La foi aveugle est le plus mauvais de tous les principes ! Croire avec ferveur à un dogme quelconque, lorsque la saine raison se refuse à l’accepter comme une vérité, c’est faire acte de nullité et se priver volontairement du plus beau de tous les dons que nous ait faits le Créateur ; c’est renoncer à la liberté de juger, au libre arbitre qui doit présider à toutes choses dans la mesure de la justice et de la raison.

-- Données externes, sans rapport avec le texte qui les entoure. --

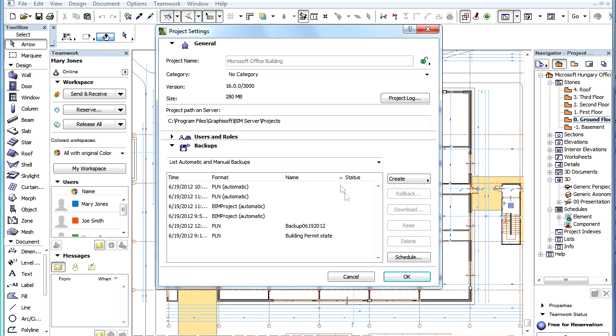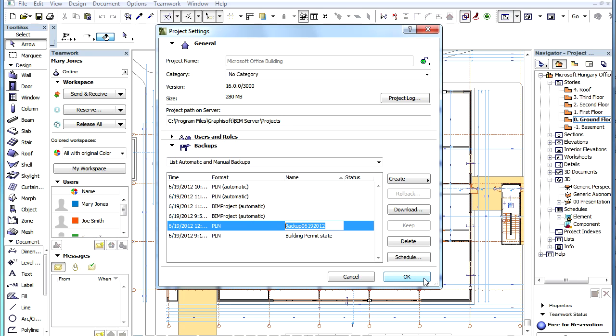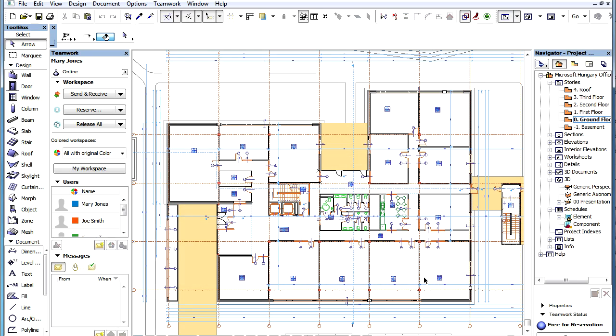After it is finished, the PLN backup will be stored and available among the backups on the BIM Server. Thank you very much.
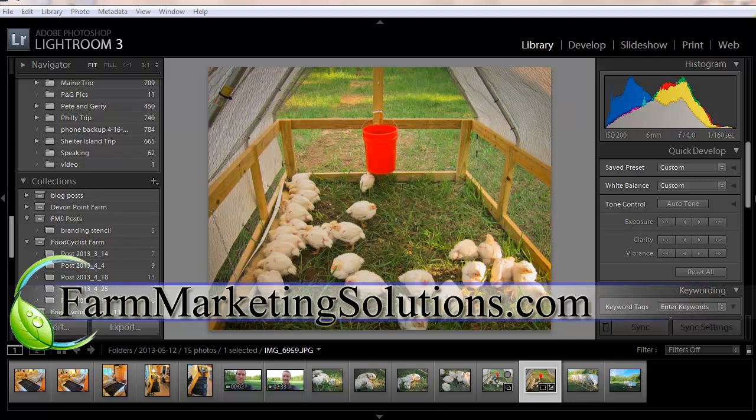Hey, this is John Soskovich with Farm Marketing Solutions. This video is all about importing your photos from the memory card from your camera or phone into Lightroom so you can keep them organized, edit them, and use them in your farm marketing to document your farm and share with others, hopefully turning them into farm members or customers.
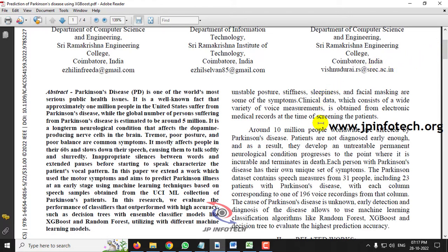As mentioned, Parkinson's is a neurological disorder. The authors of this paper state that the number of persons suffering from Parkinson's disease is estimated around 5 million, which shows the seriousness of this disease and the importance of early prediction. It mostly affects people in their 60s, slowly degrading their speech, causing poor posture and poor balance as common symptoms.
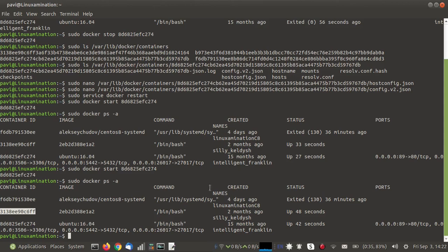I hope this helps you to open a port in a running Docker container and to work with the config files. Thank you for watching.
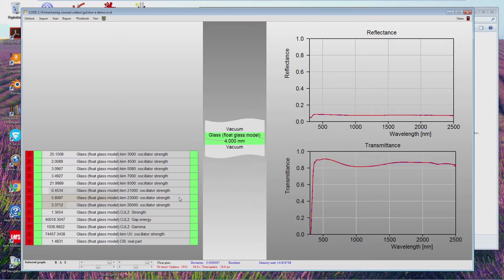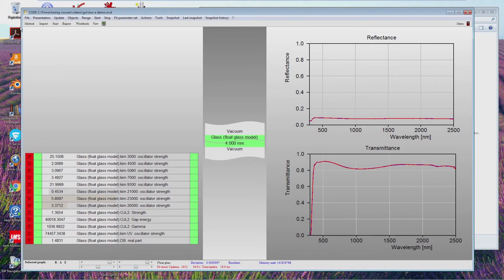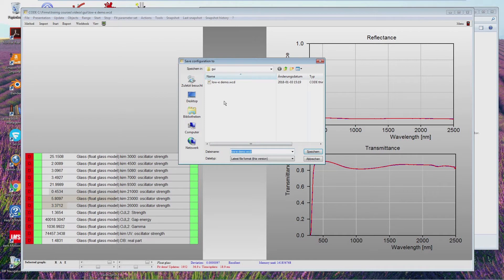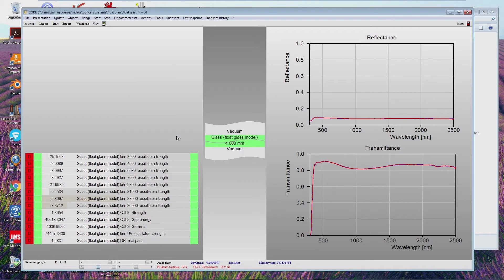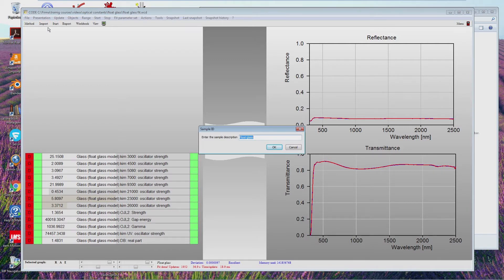So it's not too difficult. You can save this configuration — let's go to the optical constants and save as 'float glass fit'. Then we can just use the same model for a different type of glass, which I have also prepared, just to show you that once you have a model like this or a method like this, you can reuse it for similar problems.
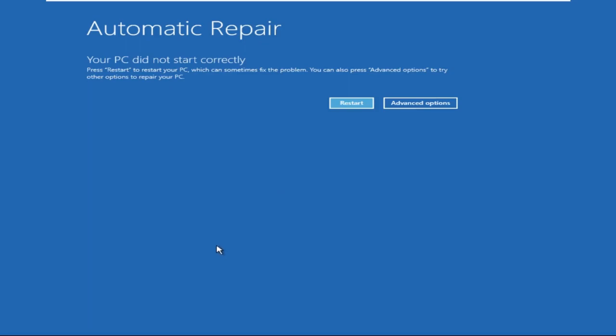We need to start the computer, and as soon as the Windows logo appears, turn the computer off. Repeat this twice. The third time you start your computer, you will get into the automatic repair screen.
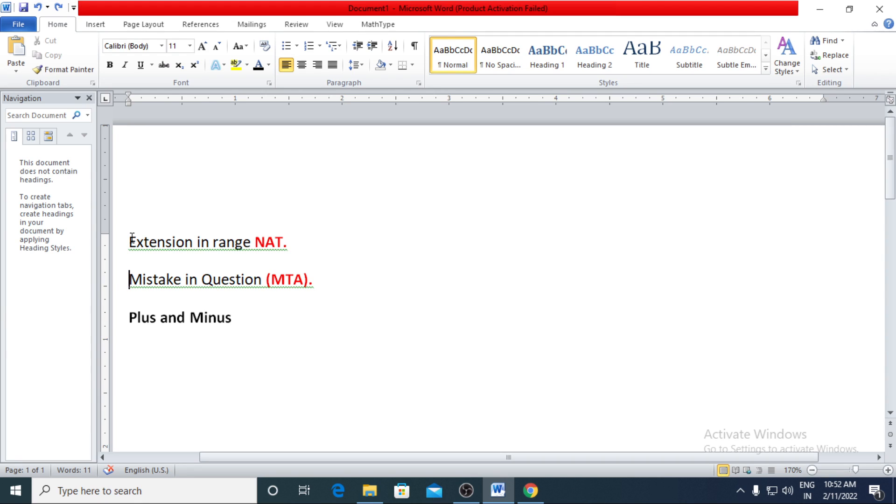I have seen what are the different amendments they have done during the challenges. Extension in range. Many of the times they had extended the range. If this input had been kept coming from the student with genuine input, I have seen the range of the NAT has been increased.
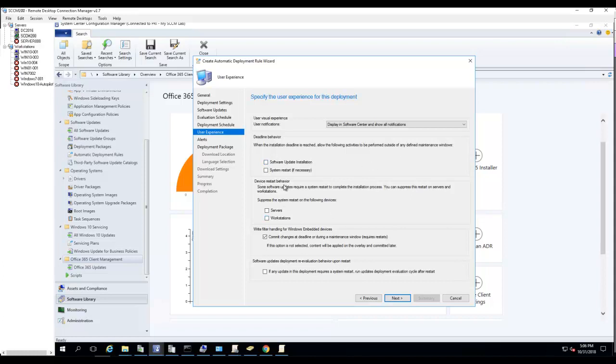Device restart behavior: if you want to suppress the restart, you can check any of these boxes here for servers or workstations. Write filter handler for embedded devices, that's fine.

Généralement, les hommes sont insouciants et ne croient à une religion que par acquit de conscience, et pour ne pas rejeter tout à fait ces bonnes et douces prières qui ont bercé leur jeunesse, et que leur mère leur apprenait auprès du foyer, lorsque le soir apportait avec lui l’heure du sommeil ; mais si ce souvenir se présente quelquefois à leur esprit, c’est le plus souvent avec un sentiment de regret qu’ils font un retour vers ce passé où les soucis de l’âge mûr étaient encore enfouis dans la nuit de l’avenir.
Oui, tout homme regrette cet âge d’insouciance, et bien peu peuvent songer à leurs jeunes années !… Mais qu’en reste-t-il un instant après ?… – Rien !…
J’ai commencé à dire que la foi aveugle était pernicieuse ; mais il ne faudrait pas toujours rejeter comme foncièrement mauvais tout ce qui paraît entaché d’abus, composé d’erreurs et surtout inventé à plaisir pour la gloire des orgueilleux et le bénéfice des intéressés.
Spirites, vous devez savoir mieux que personne que rien ne s’accomplit sans la volonté du Maître suprême ; c’est donc à vous de bien réfléchir avant de formuler votre jugement. Les hommes sont vos frères incarnés, et il est possible que nombre de travaux des temps anciens soient vos œuvres accomplies dans une existence antérieure. Les Spirites doivent avant tout être logiques avec leur enseignement, et ne point jeter la pierre aux institutions et aux croyances d’un autre âge, par cela seul qu’elles sont d’un autre âge. La société actuelle a eu besoin, pour devenir ce qu’elle est, que Dieu lui départît peu à peu la lumière et le savoir.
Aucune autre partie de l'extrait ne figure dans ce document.